Hallo Andreas, das mit der Elastizität von dem eingesetzten shellack ist so nicht ganz richtig. Es ist z.Bsp. bekannt, dass man beim Restaurieren alter Rushton-Boote sich oft beim Versäubern der Joints seine Stecheisen ruiniert hatte, weil dieser shellack so extrem ausgehärtet war, da war nix mit Elastizität. zu Zeiten, als es noch keine wasserresistenten Leime gab, war diese Art der Abdichtung bei dünnernn Leistenplanken absolut üblich und fast die einzige Möglichkeit, Wasserdichtigkeit zu erzeugen. Diese Bootrümpfe galten als außerordentlich steif und spröde und wurden auf bewegtem Wasser deshalb sehr vorsichtig behandelt, die Rushtons galten darüberhinaus als legendär nahtdicht und Bewegung in den Plannähten würde dann gelegentlich zum Aufbrechen dieser Verleimungen führen Jörg Wagner
@Jörg Wagner Vielen Dank für die interessanten Infos. Ich habe gedacht, die crispen Nahtdichtungen wären eine unerwünschte Alterung. Schellack im Geigenbau wird ja seit Jahrhunderten recht dauerhaft auf eine bestimmte Elastizität eingestellt.
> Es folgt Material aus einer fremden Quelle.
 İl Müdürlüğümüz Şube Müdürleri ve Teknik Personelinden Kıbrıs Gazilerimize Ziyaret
Ich hatte vermutet das der Kontakt mit Wasser das bei Booten schwieriger macht.
So oder so, würde ich mir heute kein Boot wünschen, das so spontan und spröde seine Dichtigkeit aufgibt, wie ich Schellack in der Werkstatt erlebe.
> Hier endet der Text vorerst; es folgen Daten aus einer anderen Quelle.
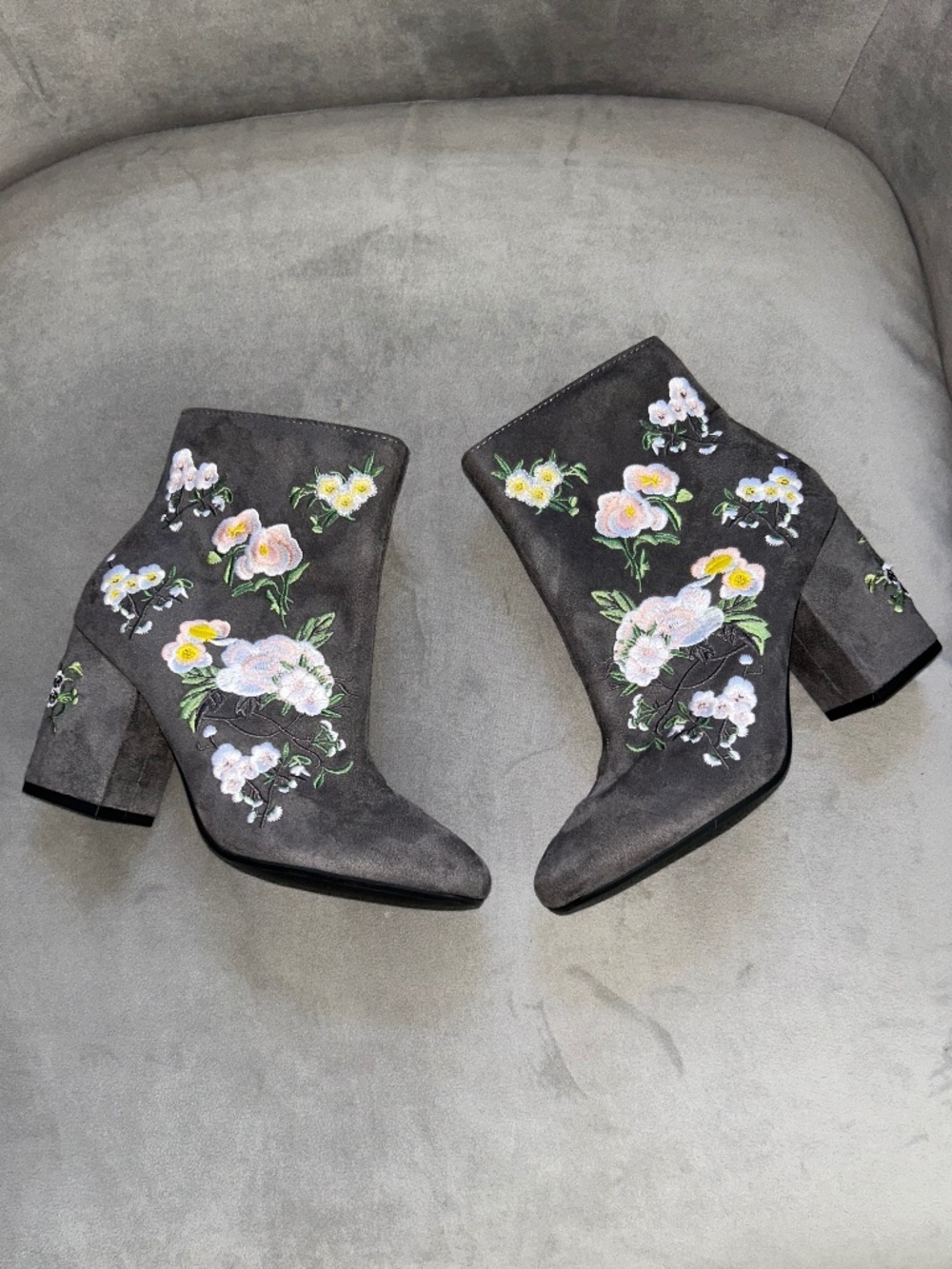 NEW seven dials Brystal embroidered boots 6.5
Hallo Andreas, damals gab´s nichts Besseres, aber auch in der Instrumentenpolitur wird da nix eingestellt (ich bin da quasi vom Fach), je reiner der shellack umso besser. Es wird lediglich, wenn der Polierballen "nicht läuft" mit einem nadelkopfgroßen Tröpfchen Polieröl , direkt auf den Ballen aufgebracht, nachgeholfen. BTW, im Geigenbau wird eher Öllack verwendet, kein Shellack. Jörg Wagner
ein ganz herzliches Dankeschön an die Expertenrunde. Das sind Informationen die ich wie ein trockener Schwamm aufsauge. Habe im Internet nur ganz wenig über Shiplap-Joint und auch nicht so richtig viel über die „nackten“ Rushton Boote gefunden. Gibt es da weiterführende Literatur/Informationen? Herzliche Grüße.
Hallo Nordlicht, "Rushton and His Times in American Canoeing" wäre DAS Buch: ISBN 0-8156-0141-7
Wenn Du im Norden wohnst : nächstes Jahr zu Pfingsten bin ich mit Ralf und Tine in Bremen, dort machen wir ein Freestyle-WE, wäre ein netter Anlaß, sich mal zu treffen und auszutauschen. Happy paddling Jörg Wagner
Zitat von Jörg Wagner im Beitrag #17..., aber auch in der Instrumentenpolitur wird da nix eingestellt (ich bin da quasi vom Fach), je reiner der shellack umso besser.
Ich hatte nicht an die Oberfläche*, sondern an den Einbau der Einlage gedacht. Diese verändert ja die Kopplung zwischen Decke und Seitenwand. Dort meine ich wurde mit modifiziertem Schellack geleimt(sonst ja mit Knochenleim). Leider hatte ich das Buch in dem ich es gelesen habe nur geliehen. Vielleicht findet sich ja ein Geigenbauer hier im Forum der dazu etwas schreiben könnte.
*Allerdings machte in der trivial Journalie vor Jahren ja die Runde, das Stradivari Urin in seinen Lack getan hätte - wie auch immer - abwegig ist Harnsäure in der Grundierung nicht.
Die Thema bezogene Erkenntnis ist vielleicht, dass sich viele Herstellungsprozesse nicht mehr exakt reproduzieren lassen und man deshalb vorsichtig experimentieren muss.